The setbacks are angering and frustrating residents whose lives have been derailed by the crisis.
“I’m physically and mentally worn out,” said Yoshihisa Kato, a 66-year-old noodle shop owner in the town of Kawamata, which is about 45km northwest of the plant and in an area to be evacuated over radiation concerns.
“I’ve been going to funerals almost everyday because many elderly people in my neighbourhood have died due to shocks and exhaustion,” said Kato, whose business has dried up as residents have fled the area.
Japan acknowledged this week that overall leaked radioactivity already has catapulted the crisis into the highest severity on an international scale, on a par with Chernobyl, though still involving only a tenth of the radioactivity emitted in that 1986 disaster.
In a zone near the plant where up to 1,000 bodies are believed lodged in tsunami debris, police in white suits gingerly picked through rubble, Sato said. Overall, more than 26,000 people are believed to have died in the March 11 disaster, though only about 11,250 bodies have been recovered so far. Nearly 140,000 people are still living in shelters after losing their homes or being advised to evacuate.
“Many families have asked us to search for their missing loved ones. I want to recover bodies as quickly as possible and hand them over to their families,” Sato said.
A glitch in cooling spent fuel at one of the plant’s reactor buildings resulted in a temporary surge in radiation this week. Water inadvertently sprayed into an overflow tank prompted a false reading that the main pool was full when it wasn’t. That prompted workers to suspend the injection of water into the main pool for several days until Wednesday, when spraying resumed.
Strong aftershocks might also have affected the readings, officials said.
The suspension of spraying allowed temperatures and radiation levels to rise, though the rods were still believed to have been covered with water, said Hidehiko Nishiyama of Japan’s Nuclear and Industrial Safety Agency.
“I believe fuel rods in the pool are largely intact, or still keeping the normal shape of what they should look like,” Nishiyama said Thursday. “If they were totally messed up, we would have been looking at different sets of numbers from the water sampling.”
Three of the plant’s reactors also have about 20,000 metric tons of stagnant, radiation-contaminated water and it is proving difficult to reduce the amount spilling from the reactors, Nishiyama said.
Until cooling systems can be fully restored, flooding the reactors with water is the only way to help prevent them from overheating, but those many tons of water, tainted with radioactivity, pose a separate threat.
“It is the problem of being stuck with reactors that constantly need to be fed water,” Nishiyama said. Setbacks in preparing tanks to store the contaminated water mean new options may need to be considered, he said. He did not elaborate.
The beleaguered plant operator, Tokyo Electric Power Co (TEPCO), is seeking ways to eventually remove spent fuel rods from reactor storage pools as the plant is closed down for good. The glitch at Unit 4 makes those plans more urgent.

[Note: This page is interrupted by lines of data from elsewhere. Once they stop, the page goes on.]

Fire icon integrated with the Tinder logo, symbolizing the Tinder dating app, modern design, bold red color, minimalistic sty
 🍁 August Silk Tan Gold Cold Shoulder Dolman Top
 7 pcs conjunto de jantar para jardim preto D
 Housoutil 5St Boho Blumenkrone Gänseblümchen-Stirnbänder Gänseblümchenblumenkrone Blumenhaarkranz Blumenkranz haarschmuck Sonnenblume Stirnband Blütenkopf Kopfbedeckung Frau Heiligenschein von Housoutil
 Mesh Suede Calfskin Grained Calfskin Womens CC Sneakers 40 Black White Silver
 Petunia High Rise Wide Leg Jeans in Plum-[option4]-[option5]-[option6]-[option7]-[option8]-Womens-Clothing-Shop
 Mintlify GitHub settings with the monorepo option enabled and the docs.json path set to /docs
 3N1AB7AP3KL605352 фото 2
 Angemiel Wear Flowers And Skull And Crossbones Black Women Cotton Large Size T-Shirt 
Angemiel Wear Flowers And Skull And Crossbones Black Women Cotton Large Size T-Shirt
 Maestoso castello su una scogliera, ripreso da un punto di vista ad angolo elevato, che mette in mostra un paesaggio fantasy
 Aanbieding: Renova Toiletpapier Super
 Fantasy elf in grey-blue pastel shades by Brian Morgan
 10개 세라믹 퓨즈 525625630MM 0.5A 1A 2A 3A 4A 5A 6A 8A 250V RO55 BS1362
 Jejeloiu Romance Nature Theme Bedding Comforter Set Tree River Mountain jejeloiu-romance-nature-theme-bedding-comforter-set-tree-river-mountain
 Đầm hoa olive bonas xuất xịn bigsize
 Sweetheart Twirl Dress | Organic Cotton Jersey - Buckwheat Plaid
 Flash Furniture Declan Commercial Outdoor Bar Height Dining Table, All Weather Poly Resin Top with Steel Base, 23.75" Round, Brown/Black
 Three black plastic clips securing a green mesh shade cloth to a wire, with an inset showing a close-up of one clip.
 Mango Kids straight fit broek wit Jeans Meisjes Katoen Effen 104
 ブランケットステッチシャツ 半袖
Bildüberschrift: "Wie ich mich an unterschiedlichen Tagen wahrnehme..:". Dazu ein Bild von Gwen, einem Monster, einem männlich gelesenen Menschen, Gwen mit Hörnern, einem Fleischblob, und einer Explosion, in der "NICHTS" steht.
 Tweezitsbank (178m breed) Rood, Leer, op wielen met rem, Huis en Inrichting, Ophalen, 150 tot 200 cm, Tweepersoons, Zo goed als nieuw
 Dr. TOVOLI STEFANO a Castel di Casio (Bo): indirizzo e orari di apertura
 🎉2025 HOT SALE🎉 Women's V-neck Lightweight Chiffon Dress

Eventually the rods must be stored permanently in dry, radiation-proof casks, but that process is far off, he said.
TEPCO, meanwhile, is working to stabilise conditions at the plant’s No. 1 reactor by pumping nitrogen into its containment vessel to reduce risks of a hydrogen explosion. It also is installing steel plates and silt screens along the coast to help reduce radiation leaks into the sea.